--- GIVEN INFORMATION ---
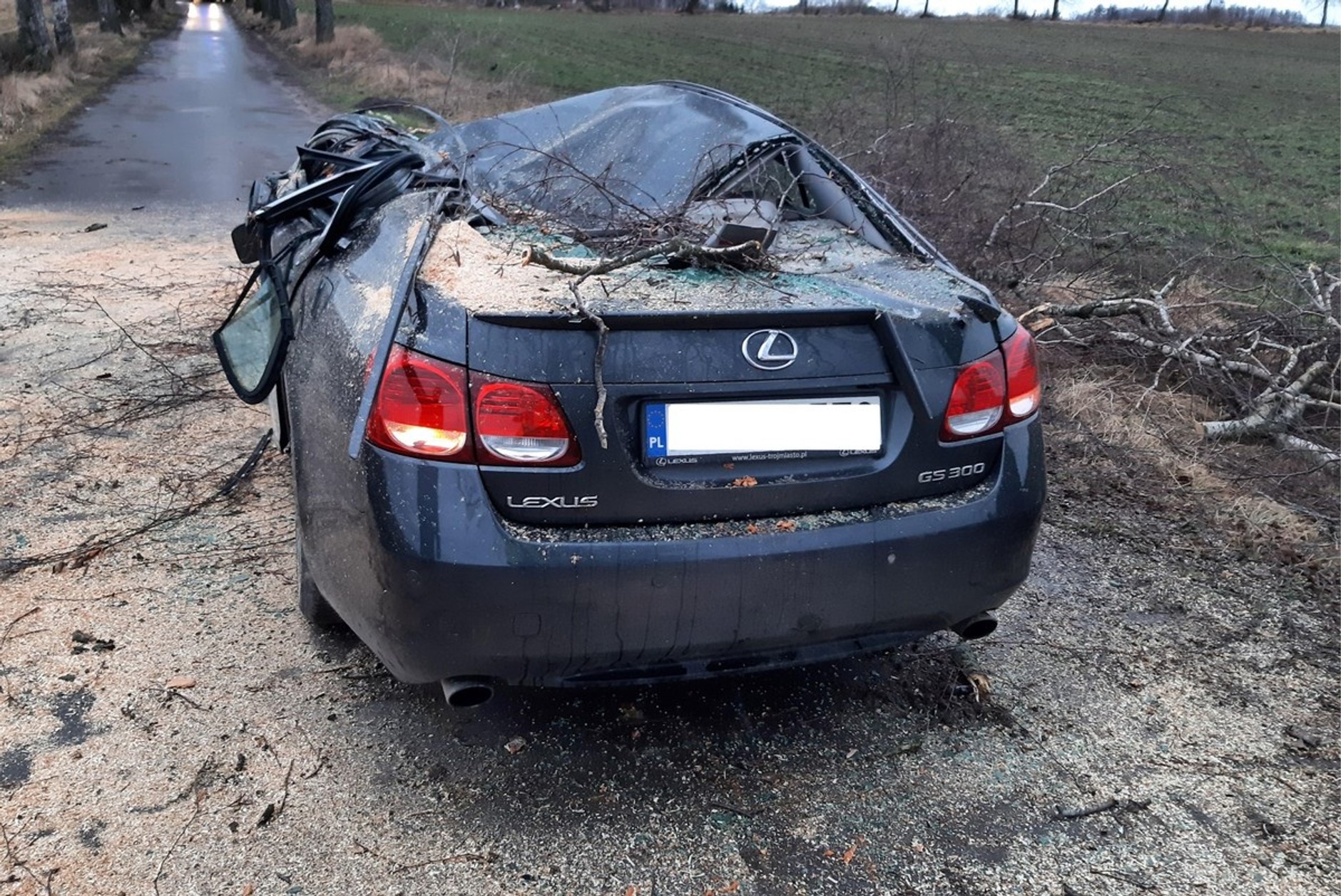 Lexus GS300 zdemolowany przez powalone drzewo. Skutki wichury w okolicach Kętrzyna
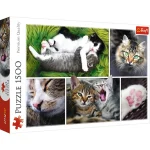 (26145) Puzzle 1500 elemente"Motanasii"
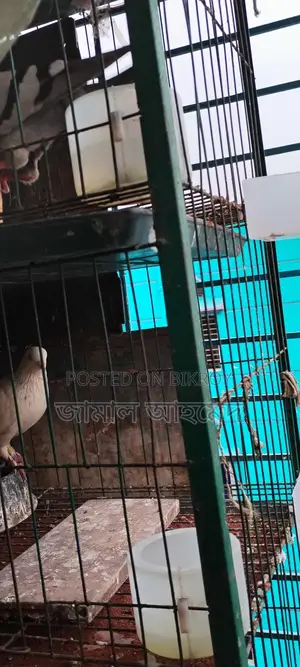 Three-Story Bird Cage for Two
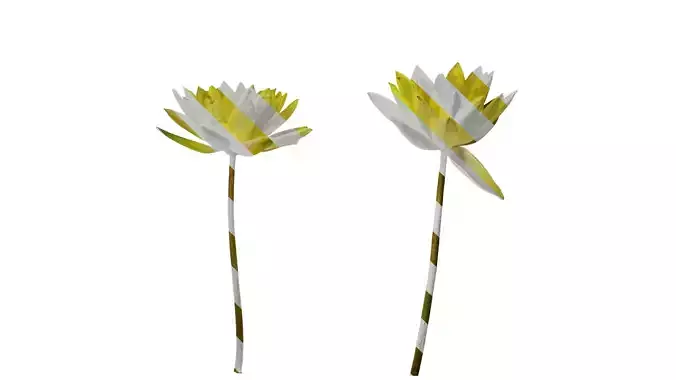 Anydrafts Nymphaea tetragona Flower 28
---
PROBLEM STATEMENT:
Give the data above again, exactly, with every picture removed.

THE ANSWER:
 Lexus GS300 zdemolowany przez powalone drzewo. Skutki wichury w okolicach Kętrzyna
 (26145) Puzzle 1500 elemente"Motanasii"
 Three-Story Bird Cage for Two
 Anydrafts Nymphaea tetragona Flower 28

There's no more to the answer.